A Voodoo3 2000@3000 is also a great choice for K6-2+/III+ CPUs. Don't forget to get some extra airflow across the card. The case probably isn't that great for airflow.
Upgrading to a V5500 is wasted on any SS7 CPU. The card is heavily bottlenecked by the K6, it really deserves a faster CPU. Instead it's more reasonable to upgrade to GF4 MX plus Voodoo2.
CT1600 is an awesome card for earlier DOS gaming but CT1790 should do everything the CT1600 does and more.
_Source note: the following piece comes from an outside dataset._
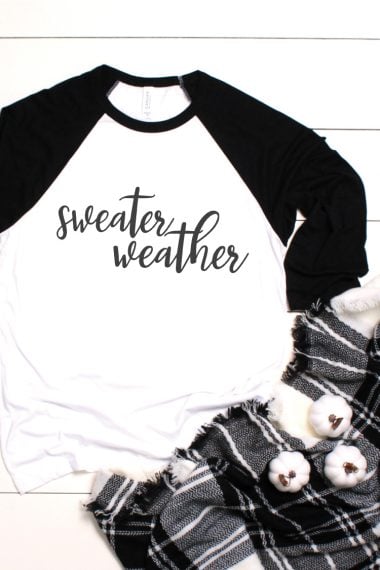 Say goodbye to those hot summer days! Sweater Weather is my favorite season and this hand-lettered SVG celebrates it!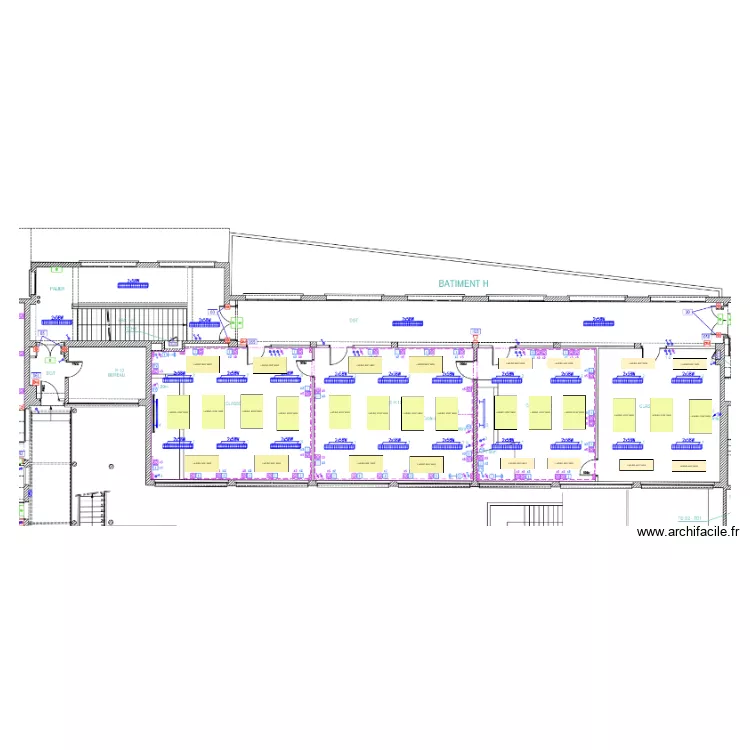 INSTITUTION JEANNE D ARC R1R2. Plan de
Still for Win9x I'd add an SB live! or better for 3D audio in later games.
For the 160GB IDE HDD you may need DDO software or a PCI-IDE controller card since the board is probably limited to 128GB IDE drives.
Recapping >20yo hardware is generally a good idea if you know what parts to choose and have decent soldering skills. In most cases capacitors can't be checked in circuit and once they're out why not just replace them? The parts are plenty and inexpensive.😎

I personally don't fancy SCSI that much and have little experience with it so I can't really comment on that. All I know is that SCSI drives are said to run hot so I'd also prefer an external case with active cooling to the micro AT case.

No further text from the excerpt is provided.